People often say you should introduce change gradually, but that’s not always possible, or desirable, in a school.
Before we began working with Jana Uddhar, if a teacher was absent, their class simply went without a teacher. As a result, each week, dozens of lessons went untaught. In fact these lessons were known as ‘leisure periods’, and students sometimes took the term literally and just went home.
This was completely unacceptable to us. Every lesson must have a teacher present, and that teacher must he teaching their lesson. This was not a change we could introduce incrementally. Either you have a policy where every lesson has a teacher, or you don’t. And so the teachers agreed to take one substitute lesson each week if one of their colleagues was absent. So in the first week we went from a 0% policy to a 100% policy.
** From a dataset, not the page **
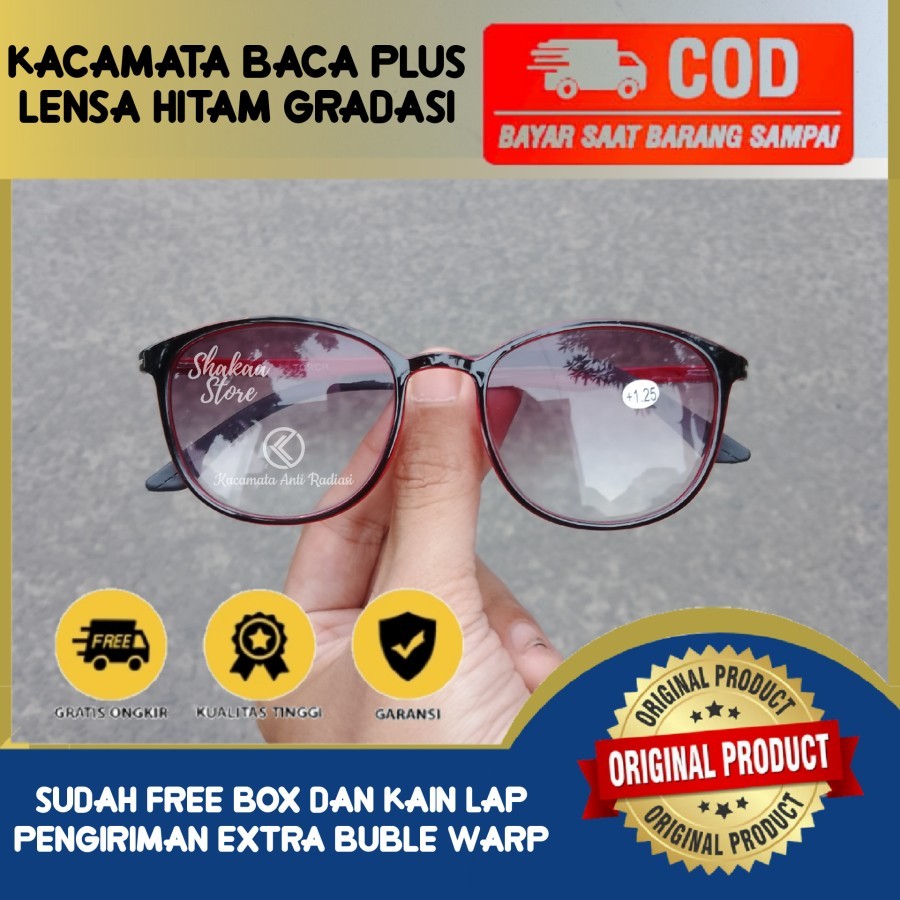 Kacamata Baca Plus Rabun Dekat Lensa Hitam Gradien Frame Oval Unisex - Hitam Merah, +3.00
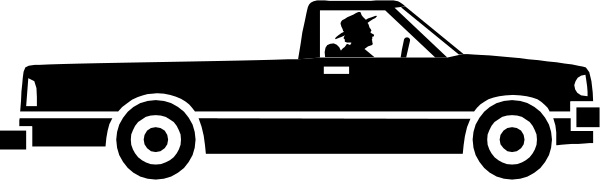 The image shows a black truck with white wheels driving on an unseen road against a gray background.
And it was a tough week. One teacher tried to take his students out of class to tidy up the library. Another thought is was more important to help hand out new uniform than go to his lesson. Another wanted to write up the school routine, rather than teach his class. Another wanted to use his students to fix something in the school grounds.
Since then, we’ve enforced this policy without exception, and as a result, on average, around 25 lessons are being taught each week, which previously would simply have gone untaught. That’s 2.5 extra lessons for each student, compared to last year.
The graph below shows two things; the number of extra lessons the students have received compared to last year, and the number of lessons Nepali government teachers typically miss. The interesting thing that their absence is not usually their fault – the government gives them 12 days casual leave a year, they are sometimes called for training out of school and they often have to go to the District Education Office on the other side of the city to collect documents or sign papers. So the problem is significant, but largely the responsibility of the government, rather than the teachers themselves.